Pengertian
Kepuasan Kerja
Kepuasan
kerja merupakan salah satu komponen yang mendukung tercapainya produktivitas.
Menurut Susanty dan Miradipta (2013),
Kepuasan kerja merujuk pada sikap umum seseorang individu terhadap
pekerjaannya. Seseorang dengan tingkat kepuasan kerja tinggi menunjukkan sikap
yang positif terhadap pekerjaan itu. Seseorang tidak puas dengan pekerjaannya
menunjukkan sikap yang negatif terhadap pekerjaan itu.
Kepuasan
kerja merupakan salah satu komponen yang mendukung tercapainya produktivitas. Menurut
Robbins (2002),
Kepuasan kerja merujuk pada sikap umum seseorang individu terhadap
pekerjaannya. Seseorang dengan tingkat kepuasan kerja tinggi menunjukkan sikap
yang positif terhadap pekerjaan itu. Seseorang tidak puas dengan pekerjaannya
menunjukkan sikap yang negatif terhadap pekerjaan itu. Kepuasan kerja didefinisikan oleh
Handoko (2001) sebagai keadaan emosional yang menyenangkan atau tidak menyenangkan
dimana karyawan memandang pekerjaan mereka. Kepuasan kerja mencerminkan
perasaan seseorang terhadap pekerjaannya, bisa terlihat dari sikap positif
karyawan terhadap pekerjaan dan segala sesuatu yang dihadapi di lingkungan
kerjanya.
Sani (2013)
menjelaskan bahwa pegawai atau karyawan yang tergabung dalam suatu
organisasi, akan membawa serta seperangkat keinginan, kebutuhan, hasrat dan
pengalaman masa lalu yang menyatu membentuk harapan kerja. Kepuasan kerja
menunjukkan kesesuaian antara harapan seseorang yang timbul dan imbalan yang
disediakan pekerjaan.
Menururt
Hasibuan (2003), kepuasan kerja juga bisa diartikan sebagai sikap emosional
karyawan yang mencintai dan menyenangi pekerjaannya. Kepuasan atau
ketidakpuasan karyawan tergantung pada perbedaan antara apa yang diharapkan.
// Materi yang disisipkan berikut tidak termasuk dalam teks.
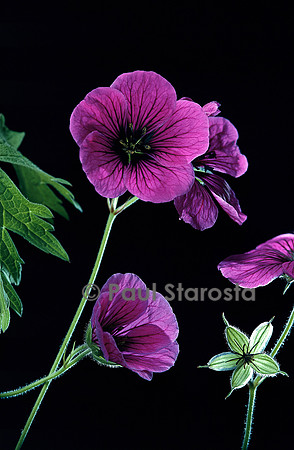 Geranium psilostemon (géranium d’Arménie)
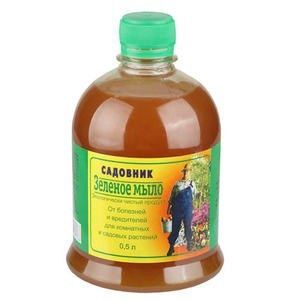 Фунгициды для комнатных растений: как выбрать подходящий препарат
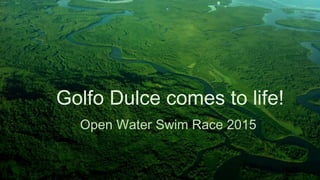 Golfo Dulce comes to life!
Open Water Swim Race 2015
 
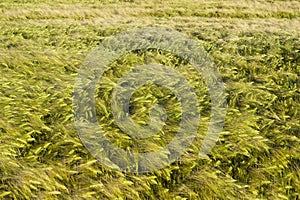 Green-yellow color wheat field texture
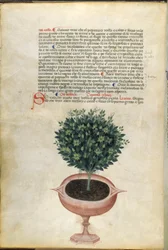 A basil plant in a pot, illustration from 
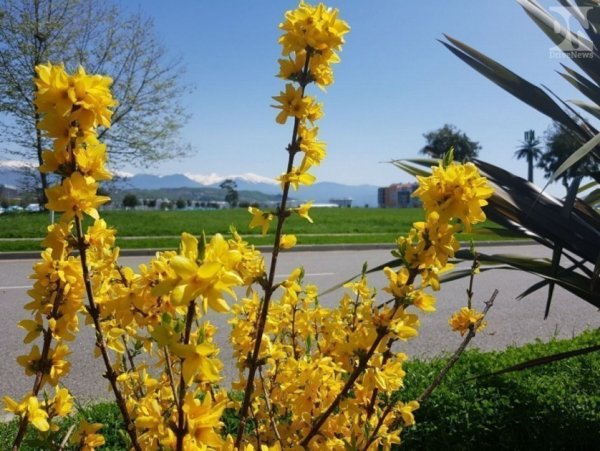 Сочи в конце апреля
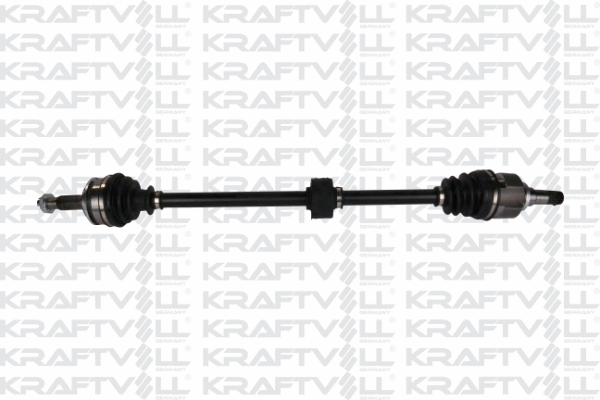 Drive Shaft (01010179)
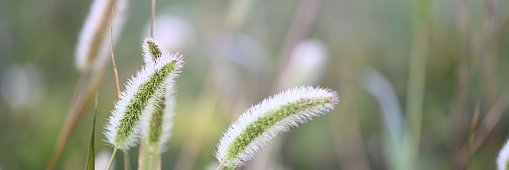 Lucas Matheus banner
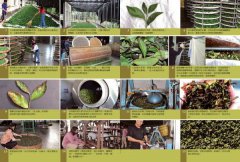 烏龍茶的世界：全方位茶職人45年心血結晶，從種茶、製茶、飲茶，告訴你烏龍茶風味的秘密 圖片 9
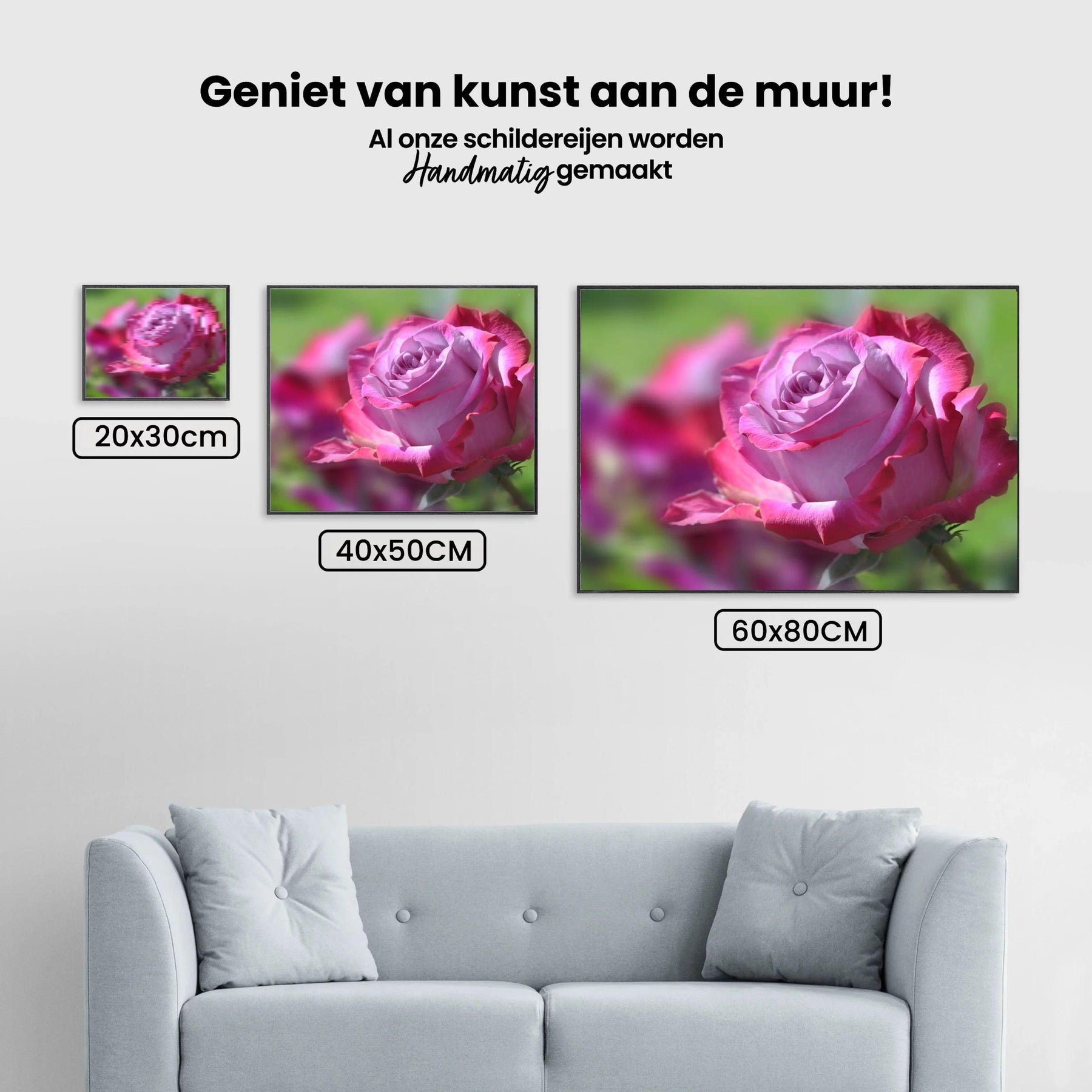 Diamantmalerei Rosa Rose - SEOS Shop ®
Apabila yang didapat karyawan lebih rendah daripada yang diharapkan akan
menyebabkan karyawan tidak puas.
Menurut
beberapa definisi mengenai kepuasan kerja tersebut di atas dapat diambil
kesimpulan bahwa kepuasan kerja adalah suatu sikap dimana apa yang diperoleh
dari pekerjaannya sesuai dengan yang diharapkan dari pekerjaan.
Peran kepuasan kerja
Kepuasan kerja karyawan
perlu sekali dimengerti oleh para pimpinan perusahaan, karyawan sebagai
individu mempunyai sikap, pandangan, cara berpikir dan lainnya yang
berbeda-beda antara karyawan yang satu dengan karyawan yang lainnya, sehingga
tanpa adanya kepuasan kerja bisa mengakibatkan turunnya produktivitas kerja.
Menurut As’ad (2004) hal yang dapat dilihat
bila ketidakpuasan kerja terjadi dikalangan karyawan dalam bentuk sebagai
berikut :
1)
Labour Turn Over (perpindahan pegawai yang
tinggi)
2) Labour Disputes (pertikaian buruh) yang dapat mengakibatkan
pemogokan
3)
Terlalu banyak pegawai yang tidak masuk atau sering terlambat
4)
Moral kerja yang rendah yang berupa kemalasan
5)
Apatisme
Akan tetapi apabila program perusahaan untuk kepuasan
kerja berjalan seperti yang diharapkan karyawan maka kepuasan kerja dapat
berfungsi untuk:
- Meningkatkan semangat kerja karyawan
- Menurunkan tingkat absensi
- Meningkatkan produktivitas karyawan sekaligus loyalitas karyawan
- Mempertahankan karyawan untuk tetap bekerja diperusahaan terutama karyawan profesional yang sangat besar peranannya dalam pengoperasian perusahaan
Indikator Pengukuran Kepuasan Kerja
Berdasarkan
hasil survei yang
dilakukan Herzberg pada tahun 1959 (Robbins, 2002), ia berkesimpulan
bahwa pendekatan-pendekatan yang dilakukan oleh para peneliti untuk memecahkan
masalah kepuasan kerja tidaklah lengkap. Sebagian dari penelitian tersebut hanya
mencoba mencari-cari faktor-faktor yang mempengaruhi sikap kerja, yaitu
“faktor-faktor apa saja yang menyebabkan sikap karyawan menjadi suka atau tidak
menyukai pekerjaannya?” Sedangkan peneliti-peneliti yang lain hanya mencoba
melihat pengaruh sikap terhadap kinerja, yaitu “apakah karyawan yang puas lebih
produktif dari karyawan yang tidak puas?” Menurut Herzberg, diperlukan suatu
pendekatan yang telah dilakukan tersebut.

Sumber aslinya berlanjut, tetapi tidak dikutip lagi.